I reached for Jamie’s hand, led her over to the sofa.

“Growing up, Gretch and I spent a lot of time with our grandparents, my father’s parents,” he continued. “We lived with them. They had money. Lots of it. A mansion, butler, housekeeper. All that shit. The house was huge. I remember some days I wouldn’t see my mother or my father at all, even though I knew they were there.

“My mother was in and out of mental hospitals, mostly at my grandfather’s insistence. He said my mother needed the sort of help we couldn’t give her. Not even the nurses he’d hired to help my father deal with her. My father loved her to distraction, enabled her, refused to listen to reason. Sometimes I didn’t understand why, because she wasn’t a nice woman much of the time. But when she was … she was great.”

He took a long pull of his beer, exhaled.

“I remember my grandfather trying to convince my father to have her committed permanently, said it was the best thing for everyone. My father was so pissed. They argued and my father vowed to never let them see me or Gretch again. I was fourteen. Gretch was seventeen, I think, about to graduate from high school. My grandfather knew we wouldn’t be safe if my father took us away from there, so he gave in. Promised to help in any way he could.

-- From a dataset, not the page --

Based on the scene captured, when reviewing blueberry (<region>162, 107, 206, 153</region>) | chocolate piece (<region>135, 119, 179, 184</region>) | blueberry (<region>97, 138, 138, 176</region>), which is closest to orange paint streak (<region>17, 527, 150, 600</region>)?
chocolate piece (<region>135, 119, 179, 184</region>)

“So he did. For the next couple of years, he supported my father. My mother stayed in the hospital for longer that time, almost a year. My father insisted she was getting better, said the medication was working and he wanted her to come home. He wanted her to spend some time with me before I graduated. I didn’t think it was so much about me though. More that he was lonely, so I defended him when my grandfather argued. Offered to help out when they needed me.”

Jamie squeezed my hand but neither of us moved as Edge continued to stare at the wall of windows.

“It worked for a little while. My mother came home. I was a junior in high school, had my own car. My grandfather had started pitching in, too, helping more after my grandmother passed away. I could tell he didn’t like my mother being in the house. She scared him. She was often paranoid, and it took effort to get her settled. But my father was happier, so my grandfather and I agreed to make it work.”

Edge paused. I knew how this story ended and it was a tragic tale, one that had broken my heart when I’d originally heard it many years ago.

“I left for school one morning.” Edge’s voice was deeper, angrier. “It was a Friday. I remember thinking I wanted to spend the weekend somewhere else, somewhere I didn’t have to endure all the arguments, the fighting. My mother was having a particularly bad day, had thrown something at the housekeeper. My father and grandfather were arguing. I never asked to stay at a friend’s, but I did that day. I’d needed the break from them. The last thing I heard was my grandfather insisting he was going to have my mother committed again. Said it was the only safe thing to do.”